A questo punto mi chiedo: in che modo la Ministro Guidi, peraltro di origini di Castelnuovo Rangone (MO), può anche solo vagliare una richiesta di questo genere? Fino a che punto vale, per chi ci governa, l’economia già esistente e forte di un territorio che, seppure in flessione a causa della lunga crisi che ha colpito l’intero paese, nutre in senso puntuale ed in senso lato l’Italia intera, a fronte dell’interesse personalissimo di un’azienda di cui, peraltro, non si conosce nemmeno la capacità tecnico-finanziaria come evidenziato nell’articolo citato sopra? Fino a che punto vale la vita dei cittadini che su questo territorio vivono, lavorano e producono reddito e benessere per il paese? Fino a che punto deve pesare l’interesse di un’azienda privata quando, dall’altra parte della bilancia pendono gli interessi di centinaia di migliaia di cittadini? Nel malcapitato caso in cui il fracking fosse effettivamente causa di eventi sismici, al paese cosa costerà di più fra il rimettere in piedi una regione che già cammina molto bene con le proprie gambe perché devastata e il dire no ad una singola azienda?

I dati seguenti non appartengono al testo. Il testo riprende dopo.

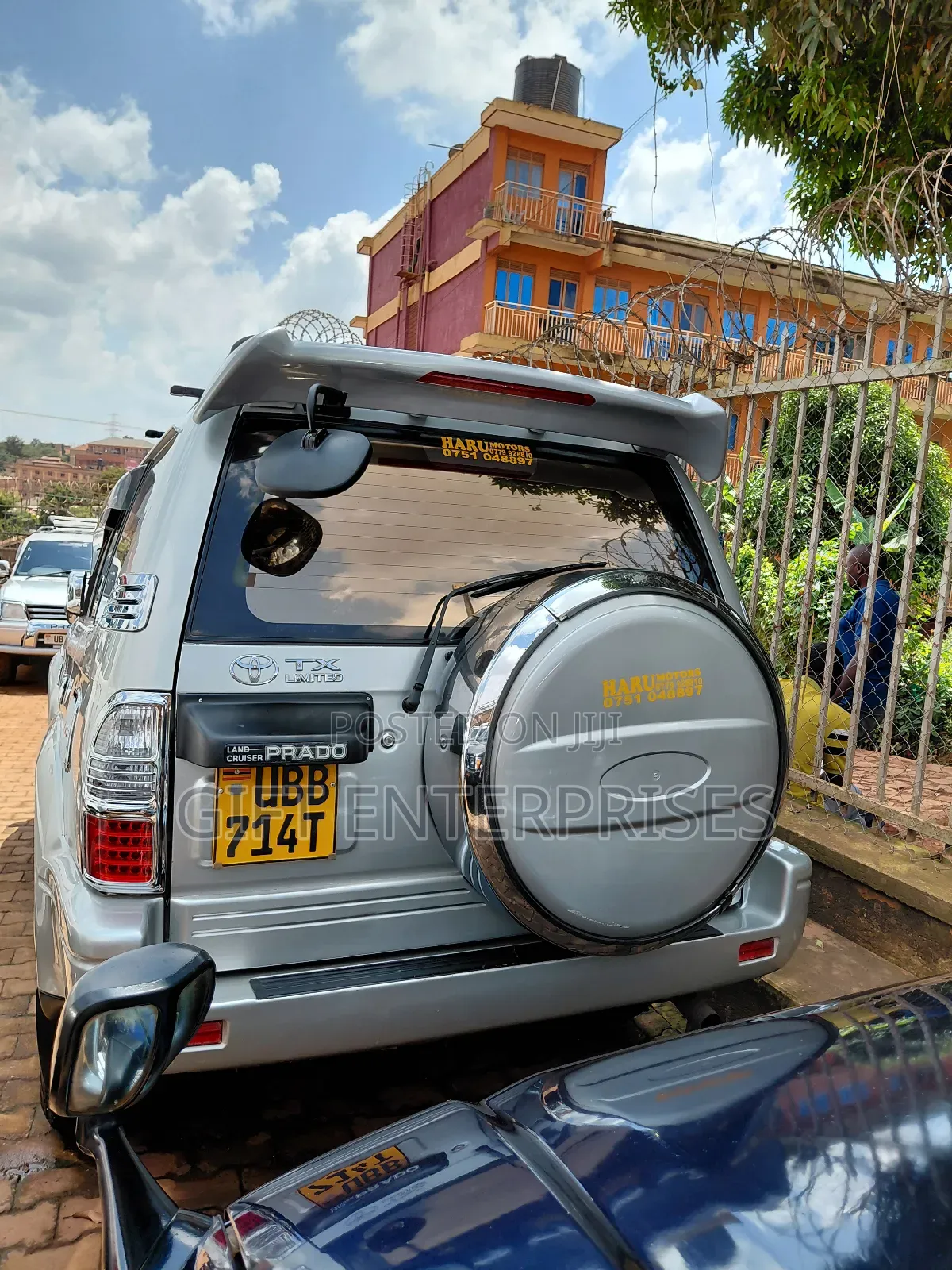 Toyota Land Cruiser Prado 2002 White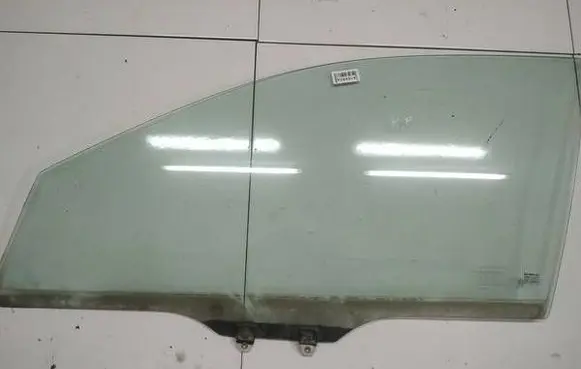 Honda Civic Front door window glass four-door AS2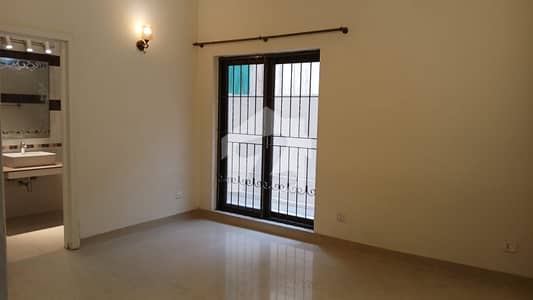 10 Marla Renovated House For Sale In DHA Phase3 10 Marla Renovated House For Sale In DHA Phase3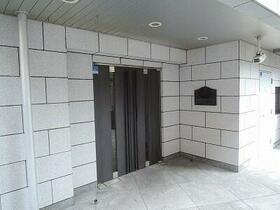 16/16 エントランス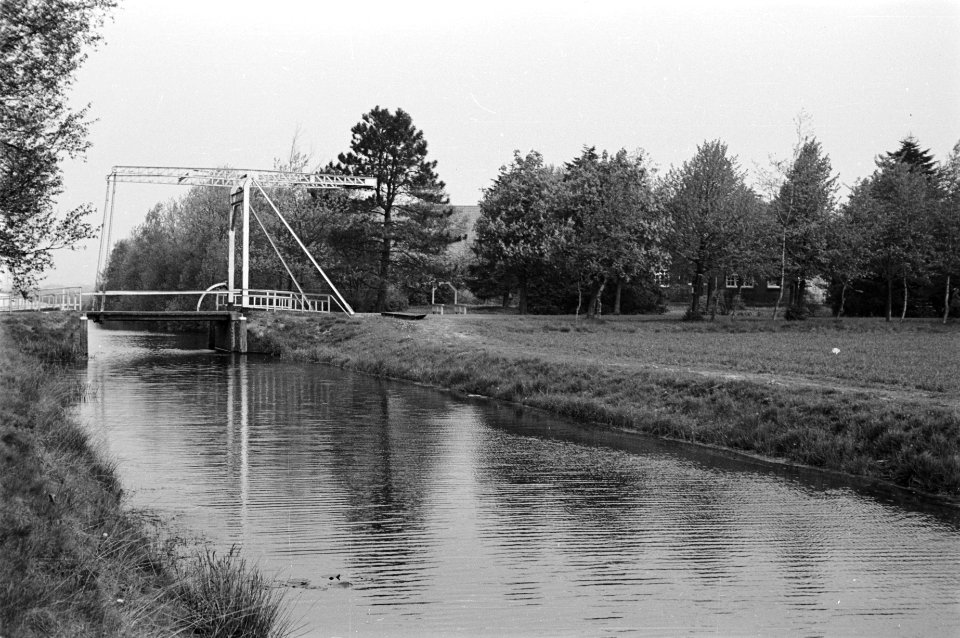 Ophaalbrug over het Verbindingskanaal bij Hebrecht, Bestanddeelnr 170-0349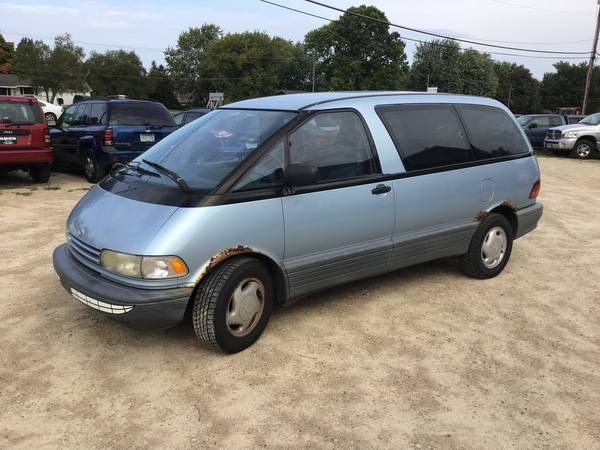 1991 Toyota Previa Deluxe - 3rd row - AUX, USB input - cruise for sale in Farmington, MN – photo 2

Fra il seppellire cittadini che magari avevano un lavoro e producevano reddito, o magari essere costretti a curarli e sostenerli a vita perché gravemente menomati a causa di un evento sismico, e dare lavoro a qualcuno in più per poi farlo perdere a migliaia di altri?
Demagogia o senso pratico e civico? Quello stesso senso civico che dovrebbe balzare al cuore e alle menti di tutti e che ci dovrebbe far gridare uniti che è la politica al servizio dei cittadini, non il contrario.
Faccio notare che, dopo meno di una settimana dalla pubblicazione della notizia, nessuno parla più della questione che non ha mai comunque varcato i limiti provinciali delle tre zone implicate nella richiesta. In aprile ci saranno i referendum, quando verrà data la risposta del Minstero dello Sviluppo Economico a Pengas Italiana?